Her mouth flattens into a line. “Nothing.” And then she passes me a scone, and I forget what I was about to be upset over. Lemon glaze melts on my tongue, hints of Earl Grey and pops of berry—floral, bright, decadent. I could weep. A moan slips out of me instead.

“Who’s helping your mom out if you’re here?” I ask when I eventually swallow. “And who told you? It’s been, like, four hours.”

“Sam’s working. He’s trying to earn gas money, anyway.” She nibbles off a corner of her own scone and stares out the window over the sink. “And Silas was already waiting at the bakery when I opened today. Said he’d been up all morning and proceeded to tell me why. Said the renter’s a consultant of some kind but wouldn’t say what? Said he seems fishy.”

I roll my eyes. “Silas would,” I reply. “But I don’t know. I didn’t ask.”

She turns on me with a frown that morphs into something conspiratorial. “He also said you stayed after to talk to him?”

“I stayed to get Legs out of their laundry room,” I laugh. “And, once again, I didn’t ask.”

She flaps a hand at me in disappointment. “Aside from their description skills, your brothers are all shamefully better gossipers than you. It’s the thing I miss most about being married to one.”

I have a hard time imagining Ellis gossiping intentionally, but don’t say as much. He is, however, excellent with recall. We both know that what Wren is referring to is less about juicy news and more utilitarian for Ellis. Silas and Micah are altogether another story. We’re lucky Micah’s off playing baseball in California. He’d undoubtedly already have the whole town looped in. Probably would have some elaborate backstory made up about the guy to embellish things, too.

“So, what’s he look like?” She tips her head toward the Andersens’ place.

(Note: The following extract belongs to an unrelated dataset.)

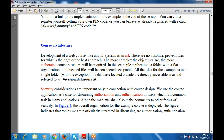The security considerations are also important in connection with course design. We use the course application as a case for discussing authorization and authentication of the users, which is a common task in many applications. Whatever the authorization and authentication users that will be available, that is a very common task, and along the way we are also using comments to maintain the form of security.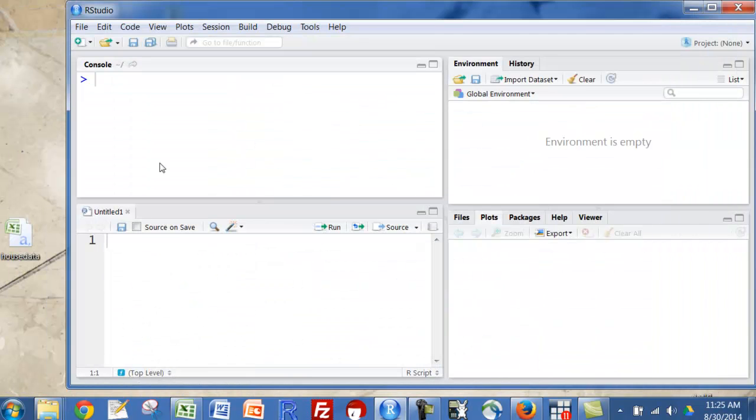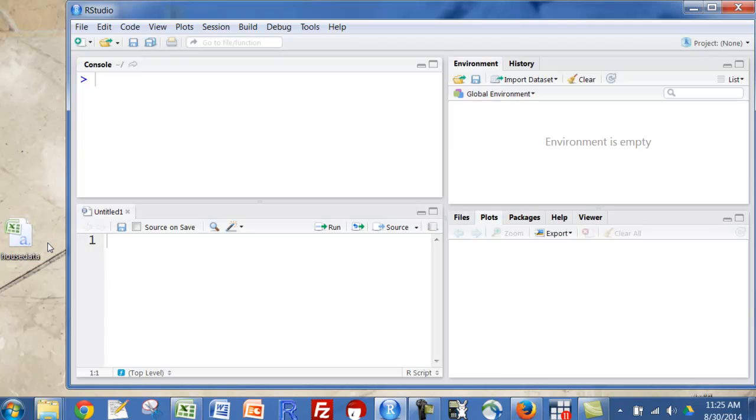You'll know you have it right if you have the data set and it has that little A right there. That means you have a comma-separated file. If that's not there, you need to go back and re-save if you're going to enter the data the way I'm going to do it.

Hot in a way that made me feel unsettled. Scruffy, unkempt, dark hair. Strong nose and sharp jaw, eyes that also looked dark from a distance but are actually more green up close. One side of his brow lifts more than the other when he talks, like he couldn’t possibly waste the energy on a full expression. His looks sent a zap of surprise coursing through me, but his voice had been a shock, too. Deep and smoky and full of grit—a velvety thrill rolling down my spine.

“I don’t know. Tall.” I shrug.

Her posture falls in frustration. “Do better, Sage.”

“Very tall? Taller than Ellis, I think, but maybe not as tall as Micah?”

She perks up. “Micah’s a freak, so that’s fine. Ellis is six three so that is still, like, tall tall.”

“Yes. He’s tall tall.”

She somersaults her palms over one another for me to continue.

“Do you not even care to know the man’s name, you dollymop?” I ask with mock outrage.

She stabs a finger at me. “That’s your one allowance for the day, Sage Astoria Byrd. I’m trying to decide if he has the potential to be your summer flame. And Silas told me his full name. Fisher Lange.”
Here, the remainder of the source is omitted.